5. The common thread throughout the draft UNCTAD 15 outcome is clear as to the level of our aspirations: and that is Transformation. We must therefore think big and ensure that we take a transformational approach to our work along the four lines of transformation we currently identified:

– Transforming our economies, means that we need to build the productive capacities to underpin economic activity and thus promote development. It means securing investment that contributes to development and is aligned with national priorities and ensuring that there are opportunities for trade to truly be an engine for development. It also means bridging the digital divide and ensuring that available technology is put to the service of development.

– Transforming to more sustainable economy means that we need to ensure that we tackle environmental vulnerabilities to let our world heal, and that we avoid the worst effects of climate change, even while we seek to achieve inclusive prosperity. The contribution to the structural changes that are required needs to be distributed in a way that recognizes historic patterns and responsibilities and in line with the principle of common but differentiated responsibilities.

– Transforming how development is financed means bridging the multi-trillion-dollar gap needed to achieve the SDGs. This requires not only ensuring that ODA commitments are fulfilled, but also ensuring that we deal with domestic resource mobilization, tackle illicit trade and illicit financial flows, mobilize FDI, and perhaps most importantly, that we find a durable and comprehensive solution to the issue of debt.
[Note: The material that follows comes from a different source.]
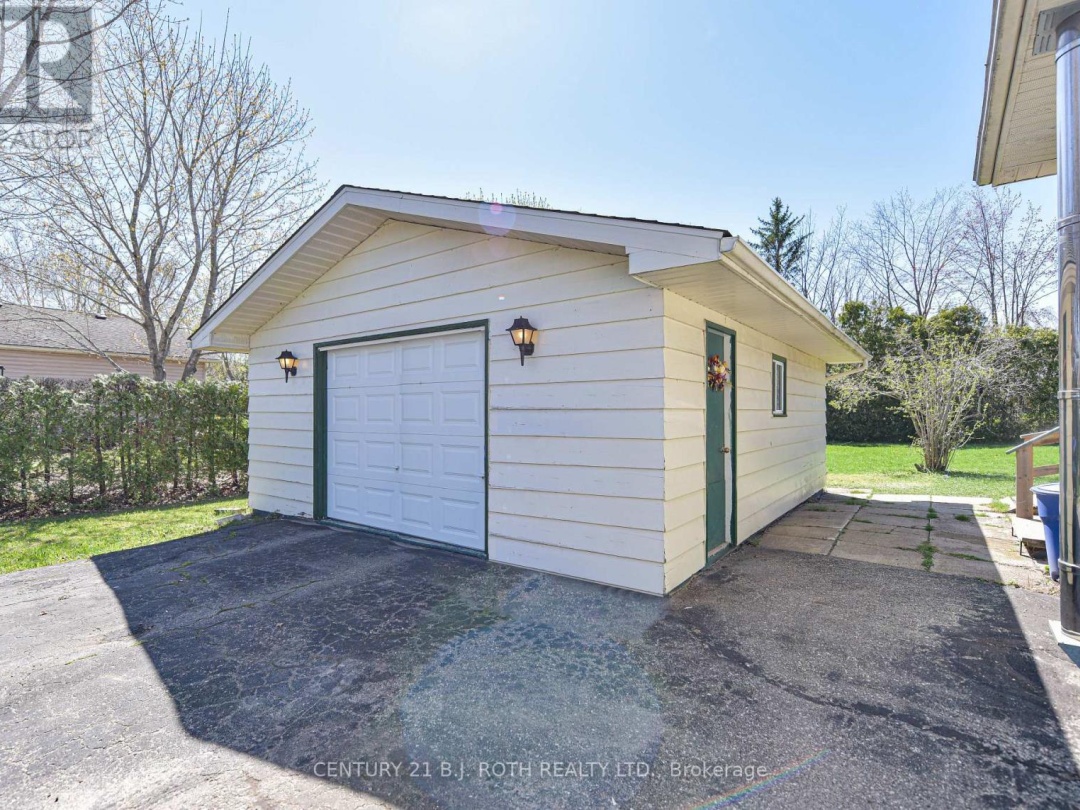 123 WELLINGTON STREET, Ramara (Atherley)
– Lastly, these transformations require transforming multilateralism too. A fairer world requires inclusive multilateralism, with an appropriate voice and participation of developing countries. It requires a multilateral trading system that supports and promotes development, and it means reaffirming special and differential treatment. Transforming multilateralism also means avoiding any sort of unilateralism that adversely affects the economies and development efforts of developing countries, including protectionism and unilateral economic, financial or trade measures or any other measures of a punitive or coercive nature that are not in accordance with international law and the United Nations Charter.

6. These transformations will not be possible, in the view of the Group of 77 and China, without a strong UNCTAD to support them. Only with strong mandates and adequate resources can we ensure that UNCTAD contributes to the world we believe in. Such aspirations led us to create this noble institution in 1964, and they are more relevant than ever.

7. These are our objectives for UNCTAD 15. In line with the spirit of solidarity of the Group of 77 and China, we are unable to speak of priorities without special consideration to the long-standing occupation of the Palestinian territory and to the conditions and important constraints it imposes on the Palestinian people and their development aspirations.

Madame President,

8. As we move ahead with the negotiations, we hope that our development partners will be able to muster the political will during this session and over the next weeks, so that together we respond to the needs of development with concrete steps.

9. Before concluding, our Group would like to point out that the appointment of a new Secretary General of UNCTAD offers an additional opportunity. We must therefore seek reinvigorate the institution and bring it to its rightful status, as both a beacon of the Global south but also a place of convergence of ideas between North and South on the ways and means to build a better world. The Group of 77 and China therefore welcomes the appointment of Ms. Rebecca Grynspan of Costa Rica to be the next Secretary-General of UNCTAD. We look forward to working with her for a stronger UNCTAD and for a more inclusive, fairer, and more equal world.